## WHAT YOU WILL DO
Leave out the pictures and restate every entry word for word.

Caption-style text data

◆ ◆ ◆

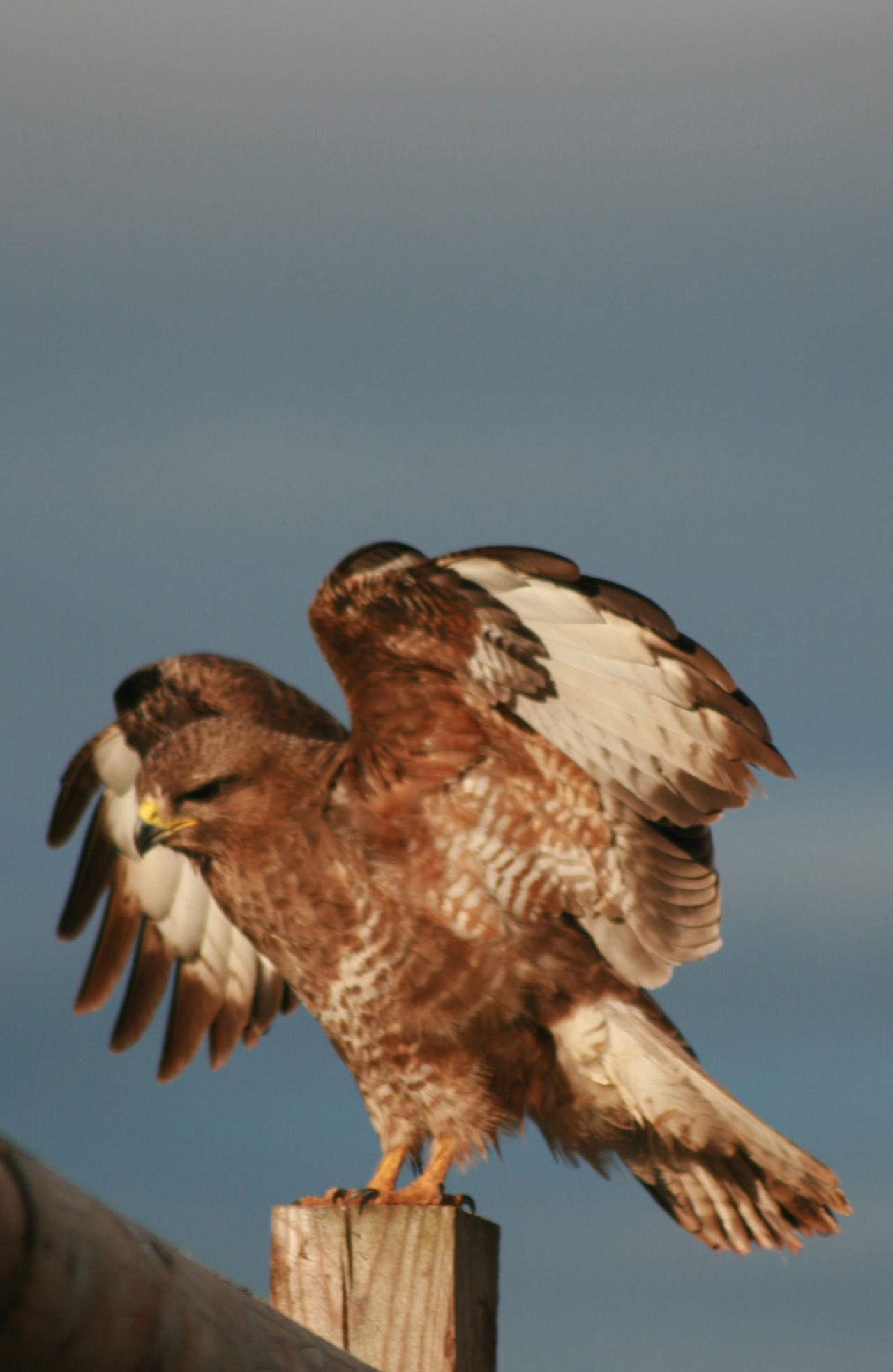 Buzzard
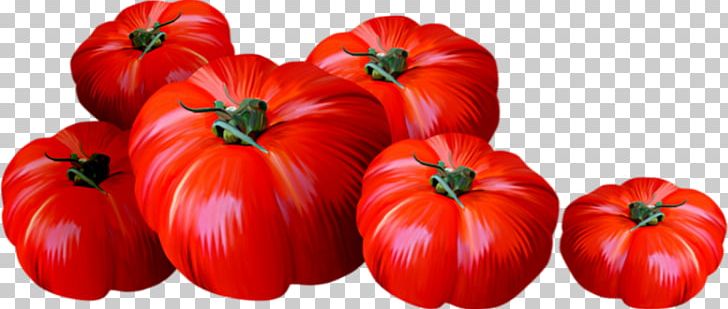 Plum Tomato Bell Pepper Bush Tomato Drawing PNG, Clipart, Bell Pepper, Bell Peppers And Chili Peppers, Bush Tomato, Chili Pepper, Drawing Free PNG Download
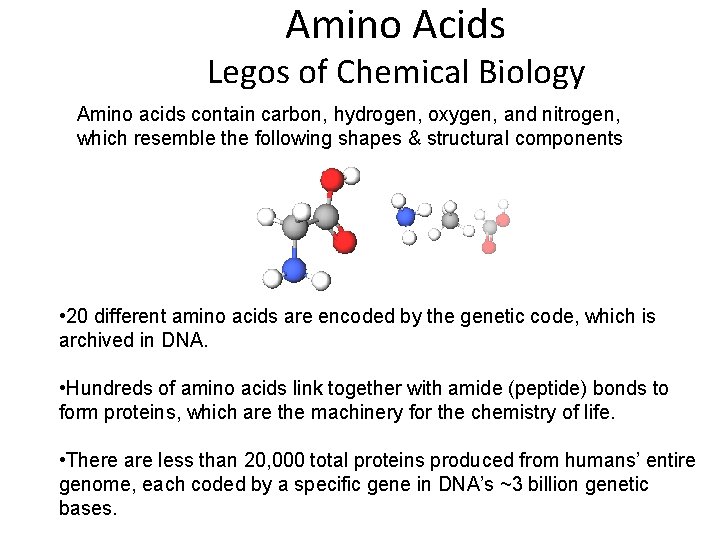 Amino Acids Legos of Chemical Biology Amino acids contain carbon, hydrogen, oxygen, and nitrogen,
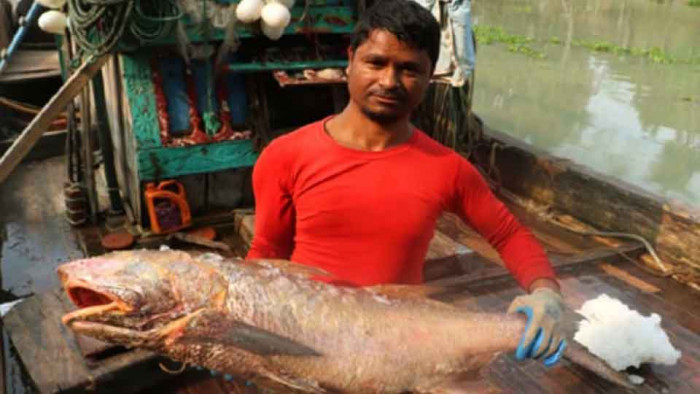 জেলের জালে ধরা পড়ল ২০ লাখ টাকার লাক্ষা মাছ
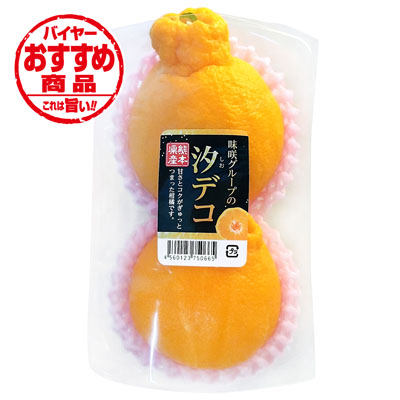 熊本県産　味咲グループの　汐デコ　2玉入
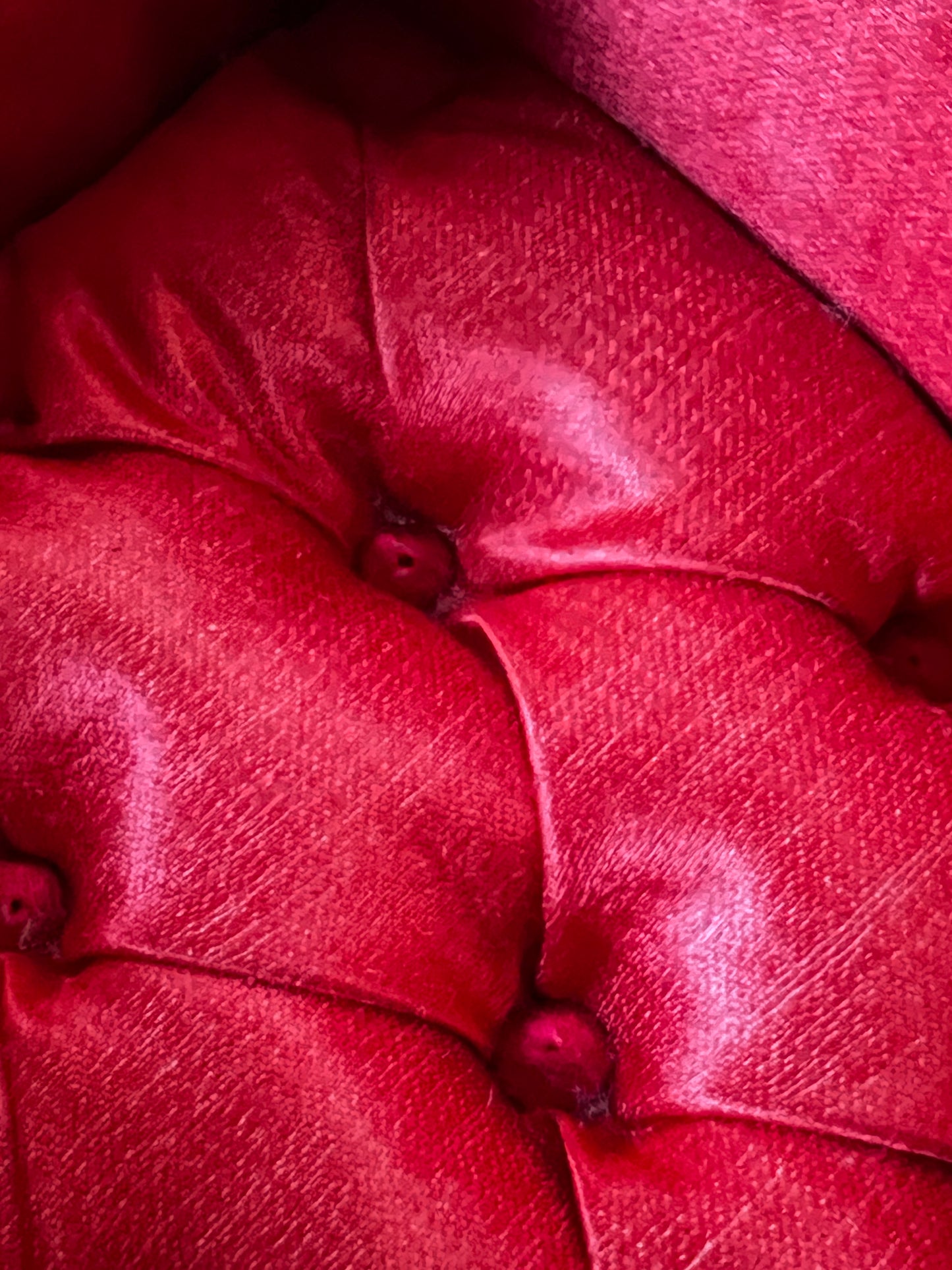 ★スミレとミモザのモシュリンヌ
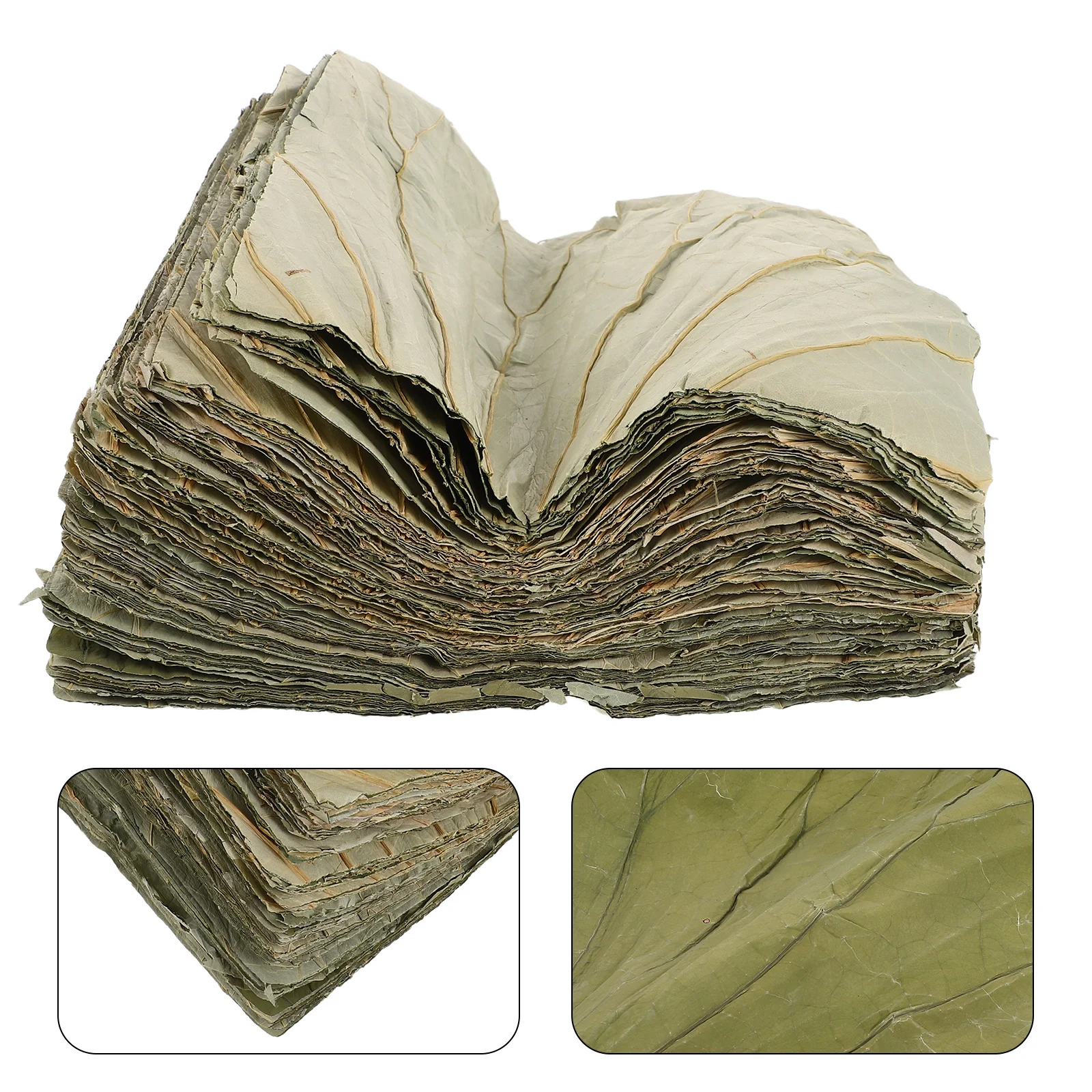 

100Pcs Natural Dried Lotus Leaf Sheets Square Sushi Plate Liner Buffet Platter Decor Asian Food Wrap Leaves Green Leaf Plate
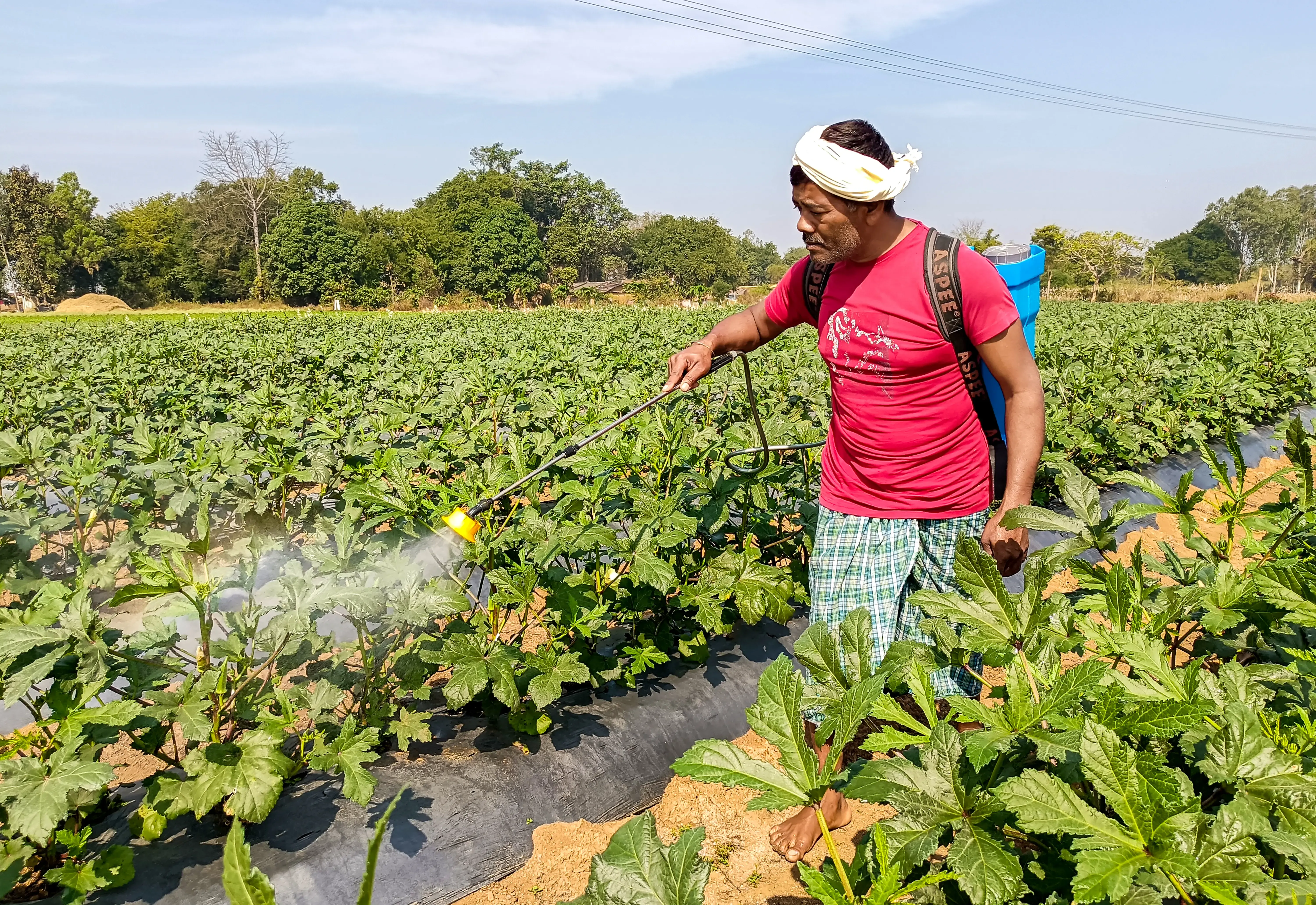 India's Fertiliser Reserves Are Strong Ahead of Kharif 2026 Despite Global Challenges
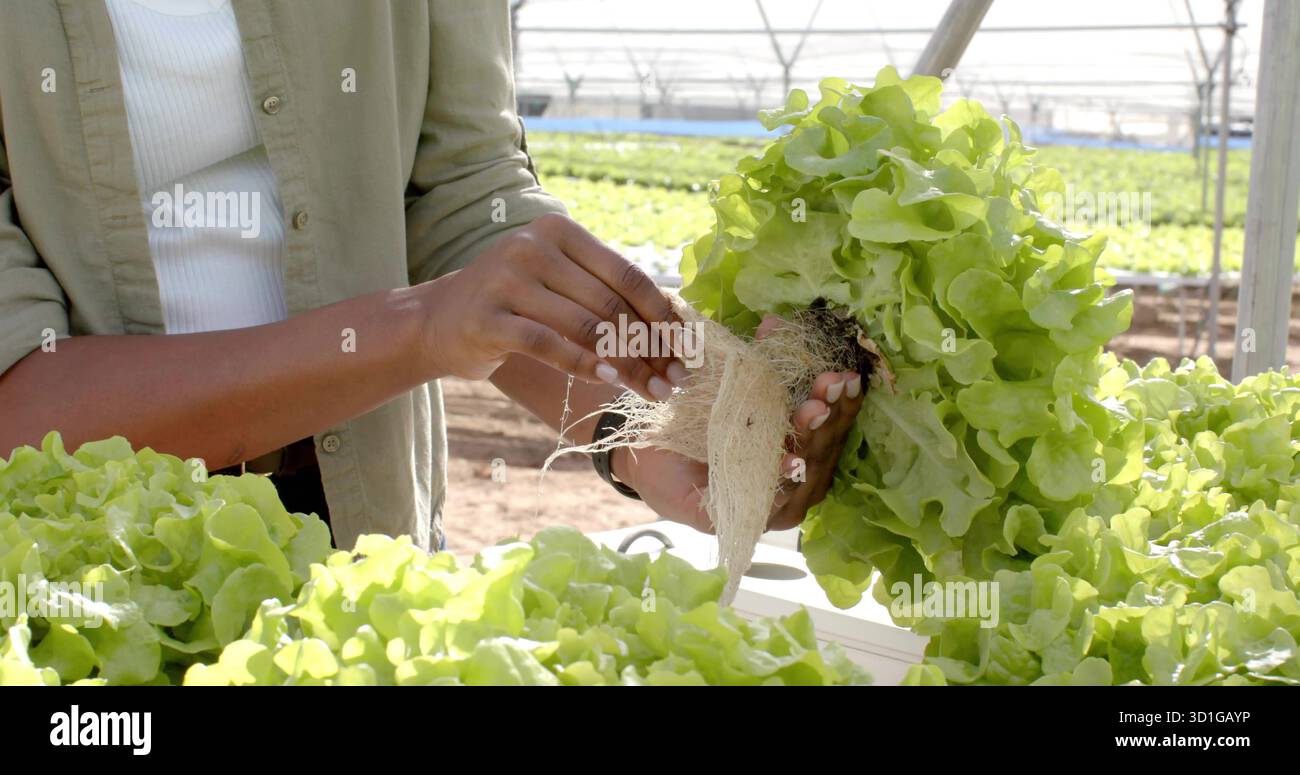 Harvesting worker wearing tank top holding lettuce head by roots at greenhouse trough, copy space Stock Photo
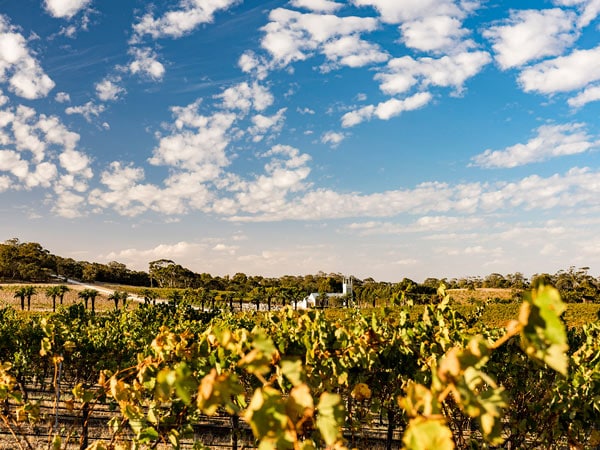 Seppeltsfield Winery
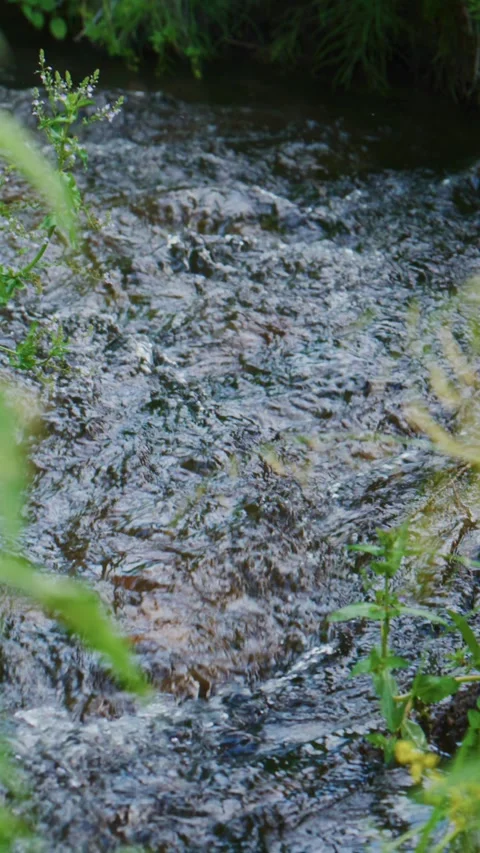 Forest stream flows swiftly over rocks with lush vegetation edges Stock-Footage 335577004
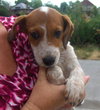 Pippi-Puppy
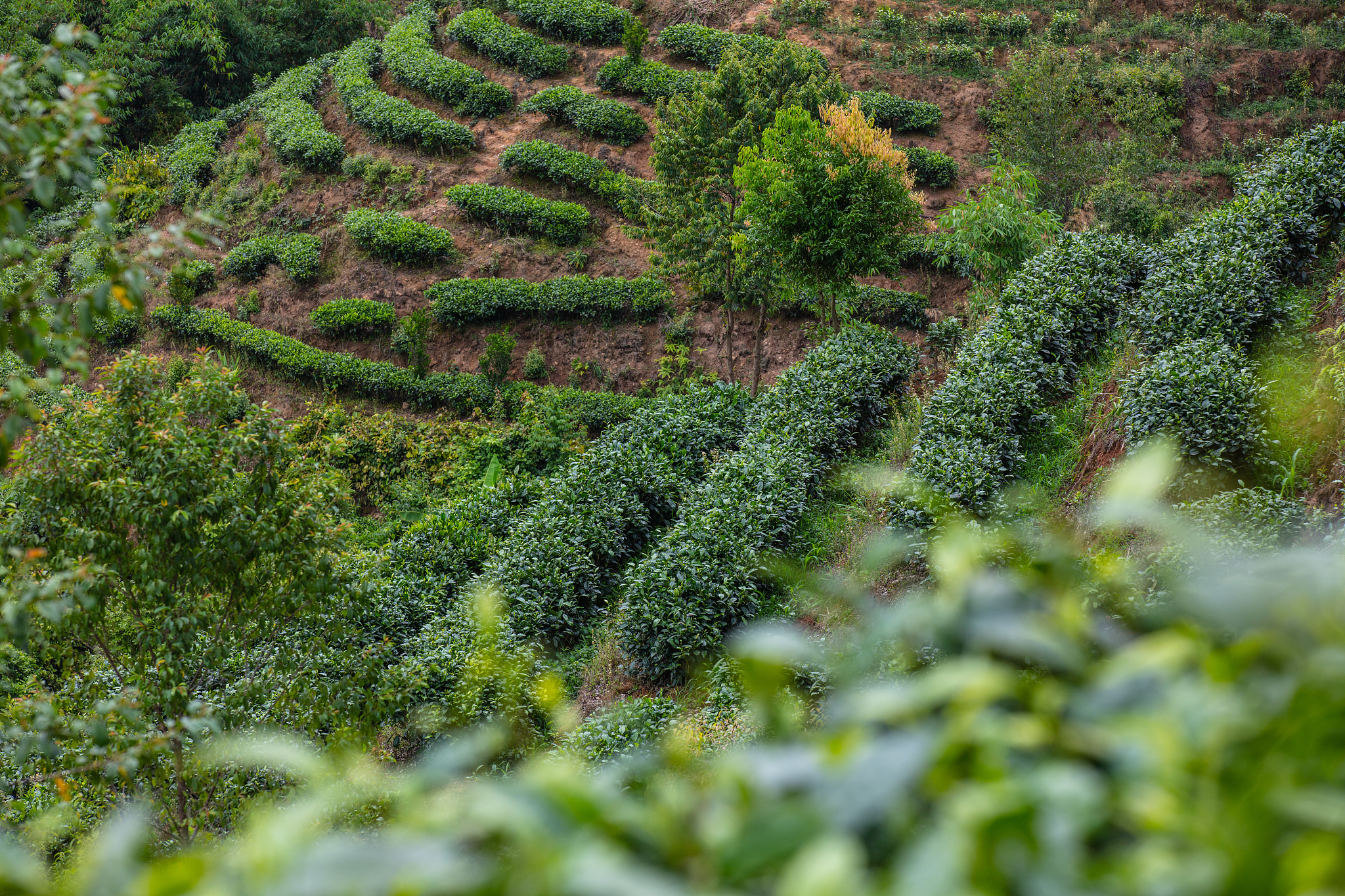 按照垂直种植提高了土地利用率利于保持水土在河谷和山林之间形成良性循环生态系统保障了花和茶的品质。2 分 因地制宜江边种荣莉一一河谷气候暖湿、水源充足;沙洲土质疏松、肥沃梯田利于通风、排水不易受洪水侵袭。山丘种茶树一一气温低减少病虫害污染少品质高。为要点论述垂直种植系统对福州茉莉花茶生产的有利影响。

◆ ◆ ◆

## ANSWER TO THE PROBLEM
 Buzzard
 Plum Tomato Bell Pepper Bush Tomato Drawing PNG, Clipart, Bell Pepper, Bell Peppers And Chili Peppers, Bush Tomato, Chili Pepper, Drawing Free PNG Download
 Amino Acids Legos of Chemical Biology Amino acids contain carbon, hydrogen, oxygen, and nitrogen,
 জেলের জালে ধরা পড়ল ২০ লাখ টাকার লাক্ষা মাছ
 熊本県産　味咲グループの　汐デコ　2玉入
 ★スミレとミモザのモシュリンヌ

100Pcs Natural Dried Lotus Leaf Sheets Square Sushi Plate Liner Buffet Platter Decor Asian Food Wrap Leaves Green Leaf Plate
 India's Fertiliser Reserves Are Strong Ahead of Kharif 2026 Despite Global Challenges
 Harvesting worker wearing tank top holding lettuce head by roots at greenhouse trough, copy space Stock Photo
 Seppeltsfield Winery
 Forest stream flows swiftly over rocks with lush vegetation edges Stock-Footage 335577004
 Pippi-Puppy
 按照垂直种植提高了土地利用率利于保持水土在河谷和山林之间形成良性循环生态系统保障了花和茶的品质。2 分 因地制宜江边种荣莉一一河谷气候暖湿、水源充足;沙洲土质疏松、肥沃梯田利于通风、排水不易受洪水侵袭。山丘种茶树一一气温低减少病虫害污染少品质高。为要点论述垂直种植系统对福州茉莉花茶生产的有利影响。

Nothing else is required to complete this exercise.